After her second marriage to a London Anglican lawyer, John Frederic Winterbottom, she lived in Westminster. Wiseman became her friend and she became a source of money for his ideas, and after he died in 1865 she transferred her loyalty to Henry Edward Manning. When Winterbottom died she had a memorial chapel built for him at St Thomas' church in East Woodhay. The design may be by Pugin who was her favourite architect.
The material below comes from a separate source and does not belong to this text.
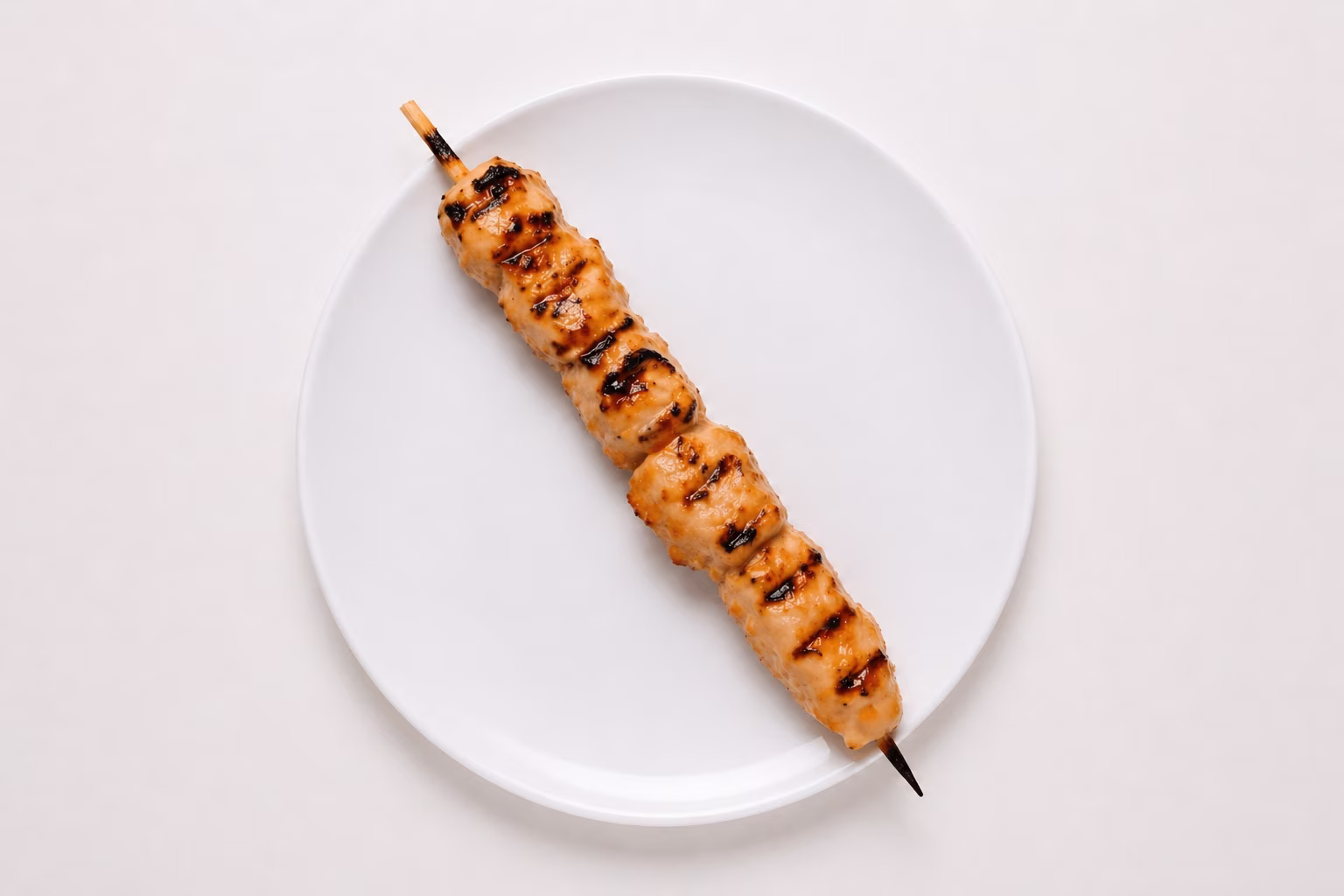 Side Chicken Breast Kabob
She was involved with the plans for Westminster Cathedral and the building of the Lady Chapel was funded by Weld in memory of her son Gordon Samuel Weld who had been born in 1829 and who died in 1863. The cost was £11,000.
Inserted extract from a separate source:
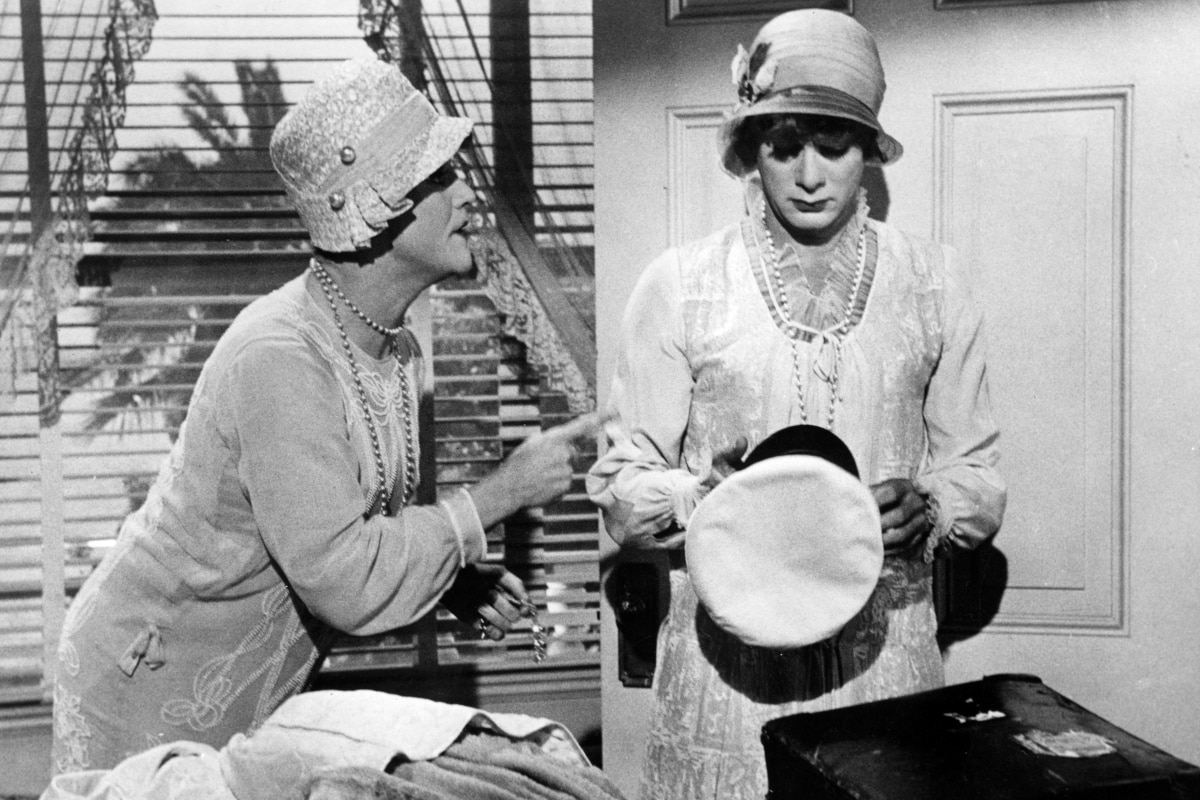 Some like it Hot - 1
Baroness Weld was also a patron of the St Georges, Marylebone and Catholic Lying-in Charity which was founded in 1842. The charity provided linen and then shillings to pregnant women with nowhere else to go.

==Death and legacies==
Weld died in Ostend in 1871. She left the large fortune to charity and she gave small annuities to her mother and her unmarried sister Elizabeth Matilda Gordon. Her mother and sister tried unsuccessfully to appeal the will. Her other sister Harriette was estranged from her husband who had abandoned her and his parish and she was suing him for separation. Harriet's husband used the court case about the will to establish a motive for her request for the marriage to be separated. This caused her to abandon the case.